The occupation is unsustainable. It is unjustified and has gone way beyond expectations. It is hard to be celebrating democracy in Arab capitals and denying the Palestinians the very right of co-existence and access to democracy and liberty. I think the issue at hand is that this occupation is totally unjustified, really unsustainable, and totally unexplained to the world. Nobody can see why Israel would see an inch of land as more important than coexistence.
TML: Not everyone in Washington is okay with the acceptance of this government by the United States government.
Saidam: It’s not an easy ride. It’s definitely a rough ride. A lot of elements will be pressing the Obama administration to cut down aid, to curb Palestinian unity and withdraw its support for this government. That is totally expected. What needs to be done – and I would say that the onus is on us now – is to advocate unity as something good and couple that with deeds that speak louder than words.
I hope that this government will work towards fulfilling the PLO’s message and vision for the future and consolidate steps that are to be seen by the international community as steps toward restoring and upholding nothing but peace.
TML: I want to go back to the mandate of this government. It is claimed that it is a government of technocrats. No Fatah and no Hamas. If that is the case, then where is the unity?
Saidam: Unity is achieved by compromise. And compromise was to withdraw any elements that are going to cause any friction. Political allegiance has defaced the relationship over the last few years and the two parties have resolved that if political affiliation would mean friction in the future, we might as well withdraw it.
At the end of the day, this government is a transitional government, should lay the foundations for Palestinian elections, and with these elections, the international community would see firsthand that the Palestinians are not for throwing Israel into the sea, but rather for creating Palestine.
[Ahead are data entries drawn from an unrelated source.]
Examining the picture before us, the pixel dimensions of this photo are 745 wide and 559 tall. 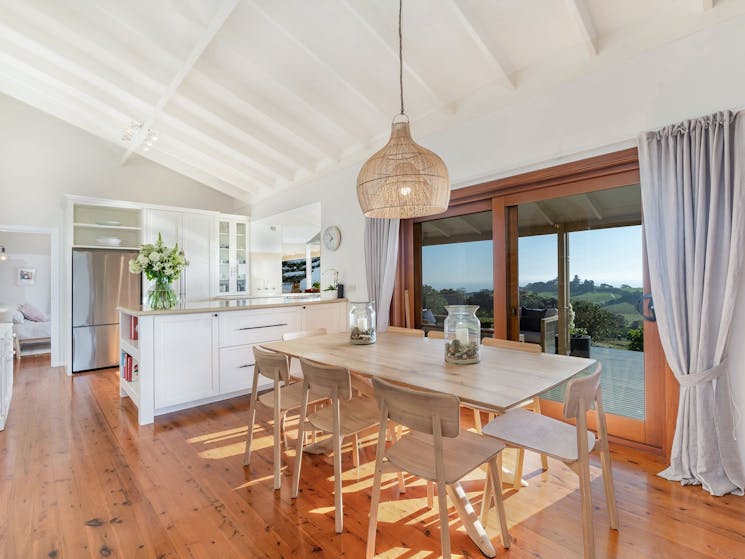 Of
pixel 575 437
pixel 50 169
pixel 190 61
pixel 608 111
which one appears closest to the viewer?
pixel 575 437

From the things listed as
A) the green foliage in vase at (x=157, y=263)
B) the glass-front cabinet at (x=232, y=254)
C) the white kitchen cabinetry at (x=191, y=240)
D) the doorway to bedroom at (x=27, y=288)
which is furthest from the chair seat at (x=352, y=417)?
the doorway to bedroom at (x=27, y=288)

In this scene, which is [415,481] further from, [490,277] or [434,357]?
[490,277]

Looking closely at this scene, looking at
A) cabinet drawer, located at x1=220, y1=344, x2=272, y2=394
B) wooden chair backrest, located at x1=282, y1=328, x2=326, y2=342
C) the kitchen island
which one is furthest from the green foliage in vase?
wooden chair backrest, located at x1=282, y1=328, x2=326, y2=342

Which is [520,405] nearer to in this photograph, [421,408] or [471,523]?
[471,523]

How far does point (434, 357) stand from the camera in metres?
2.10

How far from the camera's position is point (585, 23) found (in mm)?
2314

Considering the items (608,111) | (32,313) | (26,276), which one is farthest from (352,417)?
(26,276)

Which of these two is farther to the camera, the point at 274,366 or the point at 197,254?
the point at 197,254

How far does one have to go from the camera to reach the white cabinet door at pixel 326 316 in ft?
13.6

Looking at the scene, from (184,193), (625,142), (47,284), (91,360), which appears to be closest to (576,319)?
(625,142)

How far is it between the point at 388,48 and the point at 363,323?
2.04 metres

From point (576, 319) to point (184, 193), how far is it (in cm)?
636

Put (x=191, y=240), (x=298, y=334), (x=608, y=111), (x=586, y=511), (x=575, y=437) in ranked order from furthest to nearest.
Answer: (x=191, y=240), (x=298, y=334), (x=608, y=111), (x=575, y=437), (x=586, y=511)

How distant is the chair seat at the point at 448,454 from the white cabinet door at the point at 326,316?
248cm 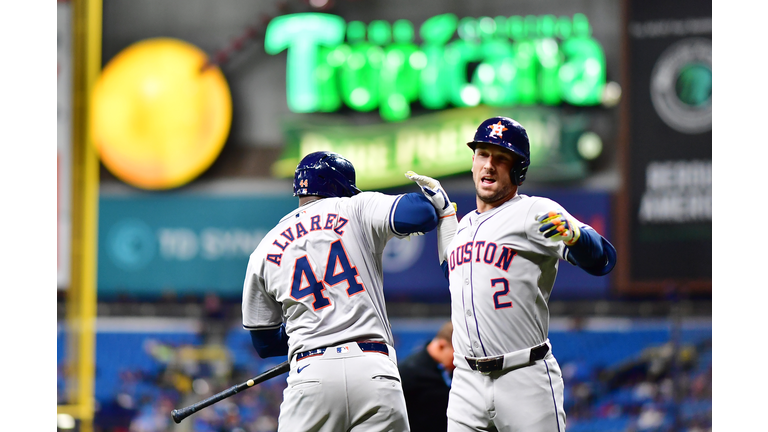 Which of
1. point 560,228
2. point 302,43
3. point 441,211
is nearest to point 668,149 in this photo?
point 302,43

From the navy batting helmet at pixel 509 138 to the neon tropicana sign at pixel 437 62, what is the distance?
729 centimetres

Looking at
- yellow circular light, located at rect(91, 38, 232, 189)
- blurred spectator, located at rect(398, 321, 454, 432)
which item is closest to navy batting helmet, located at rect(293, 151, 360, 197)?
blurred spectator, located at rect(398, 321, 454, 432)

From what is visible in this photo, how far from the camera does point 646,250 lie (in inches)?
390

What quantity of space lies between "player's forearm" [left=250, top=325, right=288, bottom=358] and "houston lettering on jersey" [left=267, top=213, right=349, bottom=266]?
43 cm

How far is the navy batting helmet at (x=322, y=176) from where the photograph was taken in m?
3.59

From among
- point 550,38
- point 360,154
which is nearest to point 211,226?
point 360,154

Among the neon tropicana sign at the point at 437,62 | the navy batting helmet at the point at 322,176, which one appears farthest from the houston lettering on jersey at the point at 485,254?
the neon tropicana sign at the point at 437,62

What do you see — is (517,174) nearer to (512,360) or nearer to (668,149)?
(512,360)

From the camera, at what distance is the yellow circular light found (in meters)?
10.8

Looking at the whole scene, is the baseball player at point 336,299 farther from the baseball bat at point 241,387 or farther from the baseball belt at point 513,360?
the baseball belt at point 513,360

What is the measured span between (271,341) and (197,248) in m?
7.22

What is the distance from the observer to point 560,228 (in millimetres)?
2859

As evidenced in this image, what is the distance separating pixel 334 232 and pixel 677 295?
757 cm

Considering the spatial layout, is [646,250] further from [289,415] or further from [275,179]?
[289,415] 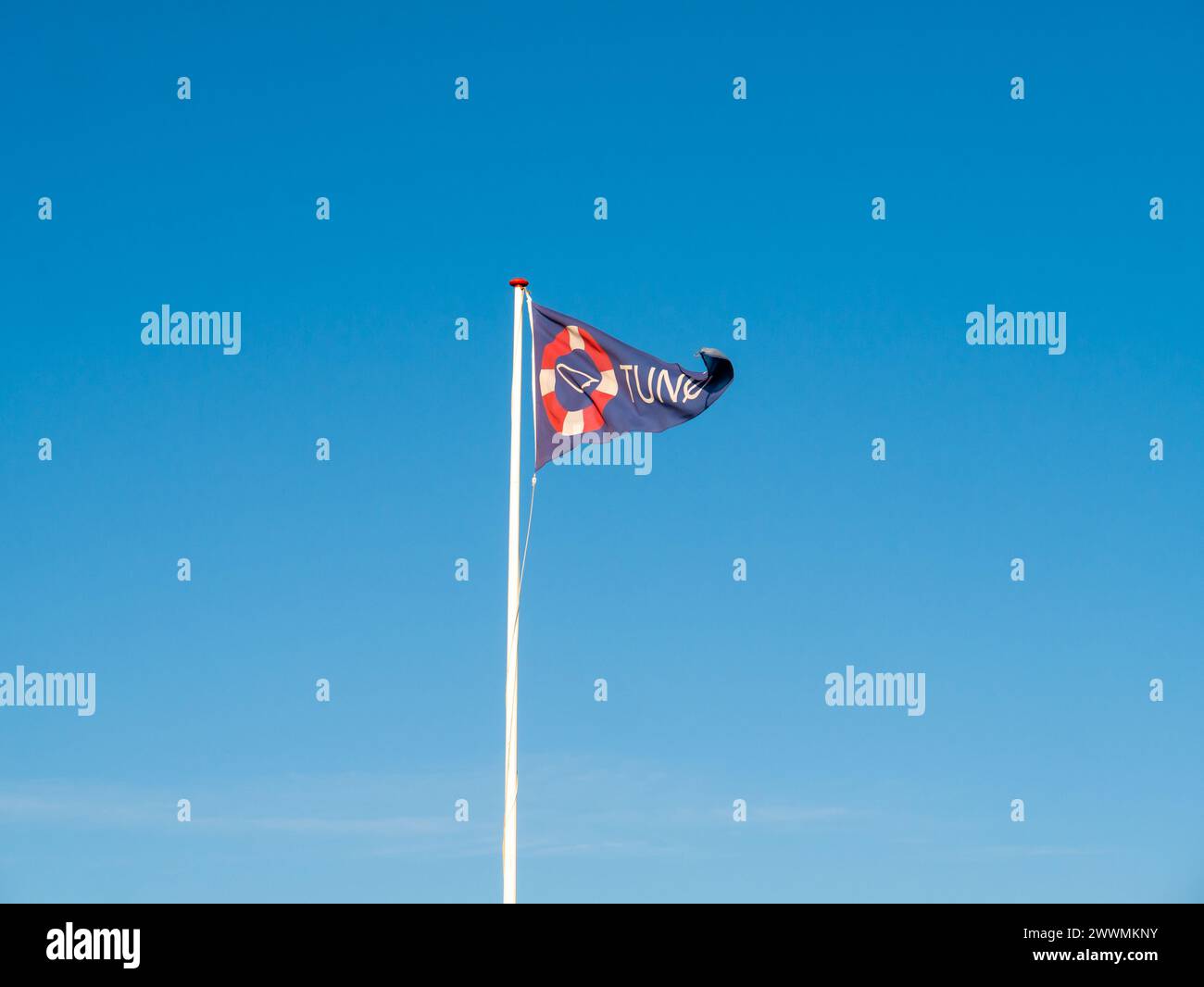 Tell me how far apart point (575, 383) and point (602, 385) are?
53 cm

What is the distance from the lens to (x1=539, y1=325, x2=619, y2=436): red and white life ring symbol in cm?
3234

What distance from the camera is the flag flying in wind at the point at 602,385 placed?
32.4 metres

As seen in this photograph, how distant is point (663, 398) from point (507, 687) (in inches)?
261

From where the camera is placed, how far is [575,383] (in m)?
32.6

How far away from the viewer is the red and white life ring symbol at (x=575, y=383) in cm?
3234

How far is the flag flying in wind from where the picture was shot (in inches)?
1275
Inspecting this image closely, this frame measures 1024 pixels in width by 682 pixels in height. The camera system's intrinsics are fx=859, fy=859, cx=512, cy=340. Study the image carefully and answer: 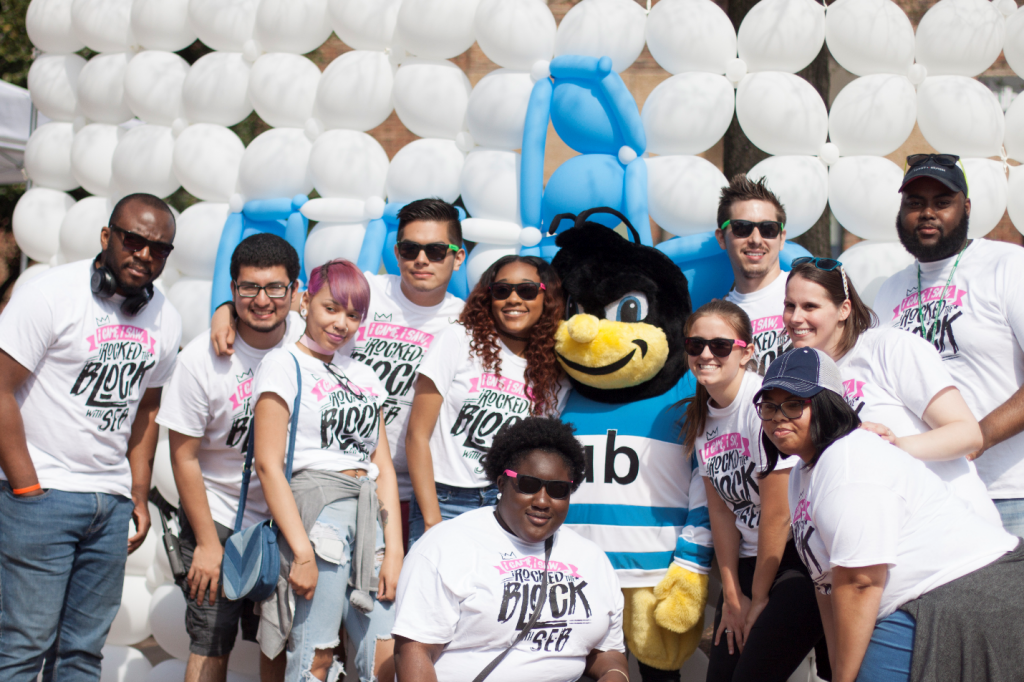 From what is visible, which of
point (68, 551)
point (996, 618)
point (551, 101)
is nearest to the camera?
point (996, 618)

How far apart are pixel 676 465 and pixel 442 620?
4.31 feet

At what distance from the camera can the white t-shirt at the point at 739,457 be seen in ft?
10.5

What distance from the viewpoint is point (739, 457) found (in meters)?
3.24

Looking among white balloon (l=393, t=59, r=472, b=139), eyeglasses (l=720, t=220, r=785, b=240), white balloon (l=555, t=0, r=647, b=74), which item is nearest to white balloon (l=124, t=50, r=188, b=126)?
white balloon (l=393, t=59, r=472, b=139)

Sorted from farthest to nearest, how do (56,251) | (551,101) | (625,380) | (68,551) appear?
(56,251), (551,101), (625,380), (68,551)

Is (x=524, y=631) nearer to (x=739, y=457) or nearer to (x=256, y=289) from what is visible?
(x=739, y=457)

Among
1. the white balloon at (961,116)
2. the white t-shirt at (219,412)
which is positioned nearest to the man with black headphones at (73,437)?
the white t-shirt at (219,412)

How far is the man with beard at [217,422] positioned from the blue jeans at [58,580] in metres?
0.31

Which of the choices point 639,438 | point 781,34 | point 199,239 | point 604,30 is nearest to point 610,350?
point 639,438

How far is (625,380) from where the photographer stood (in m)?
3.55

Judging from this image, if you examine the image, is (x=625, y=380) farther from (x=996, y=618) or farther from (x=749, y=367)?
(x=996, y=618)

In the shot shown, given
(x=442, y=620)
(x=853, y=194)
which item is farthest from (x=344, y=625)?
(x=853, y=194)

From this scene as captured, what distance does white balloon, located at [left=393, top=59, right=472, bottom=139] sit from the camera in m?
4.24

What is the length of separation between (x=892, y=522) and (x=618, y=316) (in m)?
1.65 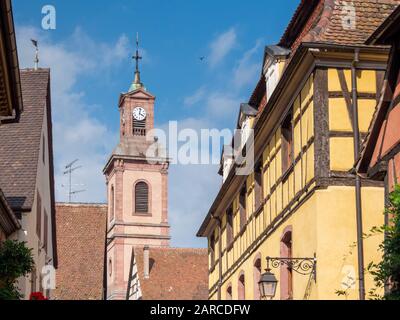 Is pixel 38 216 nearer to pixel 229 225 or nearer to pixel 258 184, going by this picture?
pixel 258 184

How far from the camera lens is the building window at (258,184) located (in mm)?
23906

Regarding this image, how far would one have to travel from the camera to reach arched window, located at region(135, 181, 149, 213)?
83.6m

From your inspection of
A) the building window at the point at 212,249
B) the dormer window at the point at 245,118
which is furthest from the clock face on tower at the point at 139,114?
the dormer window at the point at 245,118

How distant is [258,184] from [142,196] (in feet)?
197

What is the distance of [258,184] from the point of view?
24250mm

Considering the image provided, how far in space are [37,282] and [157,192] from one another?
187 ft

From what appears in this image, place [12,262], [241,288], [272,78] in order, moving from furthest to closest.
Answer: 1. [241,288]
2. [272,78]
3. [12,262]

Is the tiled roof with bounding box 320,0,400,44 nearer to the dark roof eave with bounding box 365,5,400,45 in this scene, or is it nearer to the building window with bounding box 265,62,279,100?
the building window with bounding box 265,62,279,100

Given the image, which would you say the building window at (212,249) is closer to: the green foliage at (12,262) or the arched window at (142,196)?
the green foliage at (12,262)

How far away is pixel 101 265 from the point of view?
50.2m

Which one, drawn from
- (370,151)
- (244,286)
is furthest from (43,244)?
(370,151)

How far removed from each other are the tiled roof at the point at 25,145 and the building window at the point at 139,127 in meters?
56.8

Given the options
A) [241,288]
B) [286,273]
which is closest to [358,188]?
[286,273]

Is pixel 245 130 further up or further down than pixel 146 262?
further down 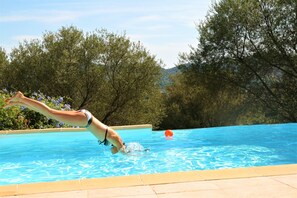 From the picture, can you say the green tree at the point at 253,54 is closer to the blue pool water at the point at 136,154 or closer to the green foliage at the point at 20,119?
the blue pool water at the point at 136,154

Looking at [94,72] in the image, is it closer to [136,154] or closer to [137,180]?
[136,154]

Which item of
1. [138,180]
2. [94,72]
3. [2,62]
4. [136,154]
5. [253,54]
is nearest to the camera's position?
[138,180]

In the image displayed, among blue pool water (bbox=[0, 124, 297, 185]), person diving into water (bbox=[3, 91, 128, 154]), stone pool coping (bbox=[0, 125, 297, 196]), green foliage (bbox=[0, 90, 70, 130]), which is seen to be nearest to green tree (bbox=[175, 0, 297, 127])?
blue pool water (bbox=[0, 124, 297, 185])

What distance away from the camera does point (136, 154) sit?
26.9 ft

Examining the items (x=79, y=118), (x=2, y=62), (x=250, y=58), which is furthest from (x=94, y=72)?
(x=79, y=118)

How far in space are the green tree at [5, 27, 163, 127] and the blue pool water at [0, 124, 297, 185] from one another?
28.6ft

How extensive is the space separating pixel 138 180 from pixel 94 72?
1798 centimetres

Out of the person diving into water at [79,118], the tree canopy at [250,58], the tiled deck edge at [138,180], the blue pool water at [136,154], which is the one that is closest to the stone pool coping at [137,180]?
the tiled deck edge at [138,180]

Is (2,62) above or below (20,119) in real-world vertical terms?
above

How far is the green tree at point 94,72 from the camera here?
2134cm

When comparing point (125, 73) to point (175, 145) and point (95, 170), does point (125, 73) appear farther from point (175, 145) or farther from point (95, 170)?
point (95, 170)

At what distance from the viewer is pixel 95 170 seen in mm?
7688

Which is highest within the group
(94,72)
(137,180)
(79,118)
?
(94,72)

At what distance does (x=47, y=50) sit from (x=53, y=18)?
292 cm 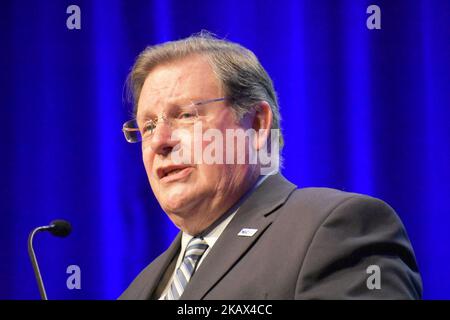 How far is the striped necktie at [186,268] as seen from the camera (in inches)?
69.4

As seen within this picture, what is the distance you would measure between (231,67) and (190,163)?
0.34 meters

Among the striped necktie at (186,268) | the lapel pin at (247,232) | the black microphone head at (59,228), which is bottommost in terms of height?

It’s not about killing Israel; it’s about bringing birth to Palestine. That’s the very message that has prevailed over the last two years when we were planning to go to the United Nations. It’s time for the occupation to end. That’s a reality.
TML: Israel prevented four Palestinian ministers from Gaza from joining their own swearing-in ceremony. Do you think President Abbas has other challenges coming?
Saidam: Israel is very wrong. I think it will be told this not only by the Palestinians but by the international community. Israel is trying to stop Palestinian democracy by banning ministers from coming. Israel is exercising yet another element of oppression against Palestinian democracy and human rights and against the liberty of Palestinians.
I hope Israel will come to its senses and realize what it is doing is wrong. Israel claims that Hamas is extremist. I’m not the spokesperson for Hamas. Hamas has the right to explain and defend itself. The Israeli government has elements and parties who said that God made a mistake by creating Arabs. You can’t be more extreme. Yet they are part of the government. (Yet,) Israel is asking us to recognize them, denying ourselves the right of having other parties with different views about different matters.
What matters most now is the vision of the president, the vision of the PLO, the two-state solution, and previously signed agreements – the Quartet’s principles – and the end to conflict. What’s most important is Israel and Palestine living side by side; nobody eliminating the other and nobody stepping on the history of the other, but rather living in co-existence. Beyond that, I can see hell breaking loose or I can see more Palestinians coming forward toward a one-state solution.
TML: Israel is threatening to cut off ties with the Palestinian Authority. Are you prepared to handle this?
Saidam: The time has come for the international community and not the Palestinians to say enough is enough. Israel is playing with fire. Israel is wasting the time of humanity by prevailing and prolonging this occupation.